Computer systems linked to each other in a communication network, i.e. the Internet, are used by both business users and individual users. The current usage model of the Internet operates on a “request-response” architectural framework. A user connects to the internet infrastructure and requests information via their client device from any number of servers around the world. A client device can be a networked personal computer, personal digital assistant, or any other computation device with network capability. In the current network model, requests and responses flow between clients/users and servers via routers and switching devices. There is little user control over how the network connection operates or when it is operational.
New forms of Internet connectivity are emerging. One form of connection which is becoming popular is the broadband persistent connection. The broadband connection allows transmission speeds greater than 2 million bits per second and also allows a continuous connection i.e. twenty four hours a day, seven days a week.

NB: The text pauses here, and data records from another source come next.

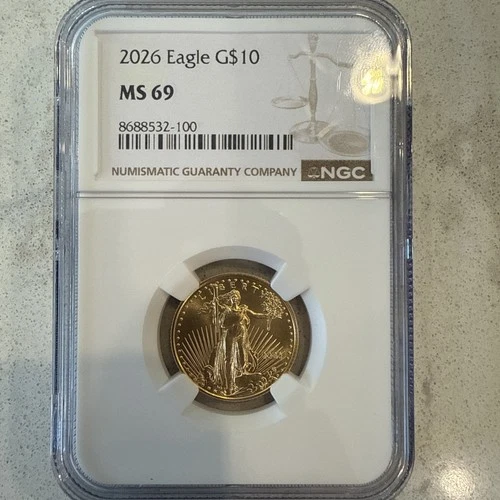 2026 American Gold Eagle G$10 - MS69 NGC Gold Coin 1/4oz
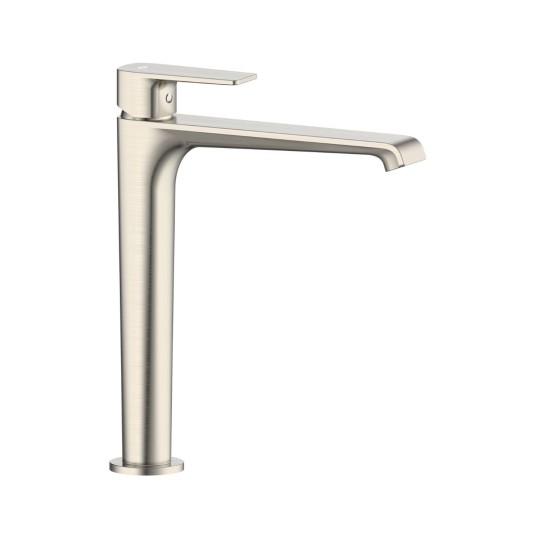Grifo de lavabo de caño alto Fiore níquel cepillado 3261NK
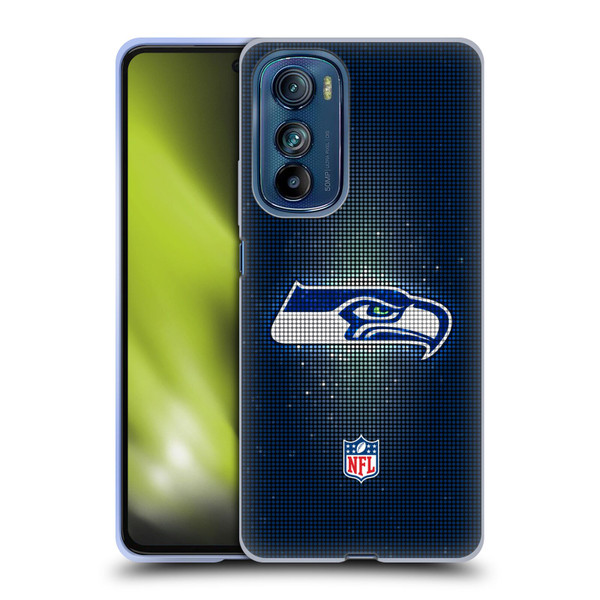NFL Seattle Seahawks Artwork LED Soft Gel Case for Motorola Edge 30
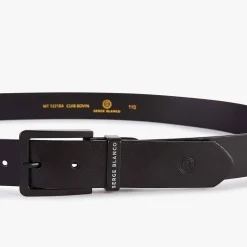 Serge Blanco Ceinture homme en cuir lisse a boucle*Homme Ceintures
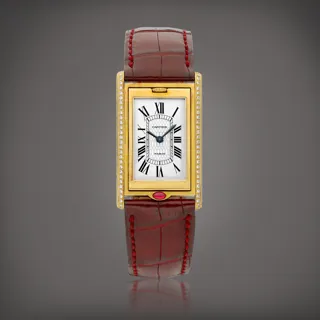 Cartier Tank Basculante Yellow gold Silver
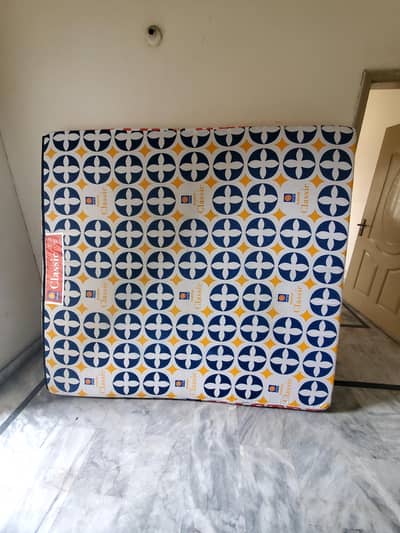 Master molty foam 5 inches King size double bed 10 by 10 slitly use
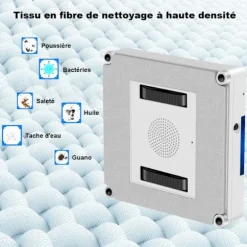 LIECTROUX Vinduespudser YW509 – Sprøjtning med 4 Dyser / 3 Retninger – 100mL Reservoir – 3000Pa – APP – Tripple Sikkerhed Vit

This type of connection is called “always on” and it operates much like current telephony access.
Currently there is little advantage in having an internet connection available for twenty four hours, seven days a week due to the request-response nature of the network. Today, the user must be present at their device in order to receive service. The ability to tailor the network service to the needs of the user is extremely limited.
The current use of the Internet limits the user's ability to interact directly with the network services and data transmission function found as a part of their client device. The client device operating system controls network interaction using predominately real-time, first in first out (FIFO) queuing mechanisms. As the computational capabilities of the client devices and the network infrastructure itself evolves, there is an opportunity to improve performance and user experience by distributing control plane functionality to the client device. In this instance, control plane is defined as the set of functions which control the operational characteristics of the network transmission between a client and a server. While this term is used widely within the network component technology area, this invention extends this concept to include the control of networking services found within the client device operating system itself. See Gao, J., Steenkiste, P., Takahashi, E., and Fisher, A., “A Programmable Router Supporting Control Plane Extensibility”, IEEE Communications Magazine, pp. 152-158, March 2000. Control plane functions are found in networking router devices which, for example, routes datagrams or “packets” of information from a source to its destination. Control plane functions relevant to this invention are congestion control, queuing and resource management. For the purpose of this invention, packets are defined as information in a standard format and length which contain a header section of identifying information and a data section which is either user data or network control data.
The combination of embedded control plane functions within the client device coupled with end user preferences provides the means to effectively use “always on” Internet connections without direct user interaction.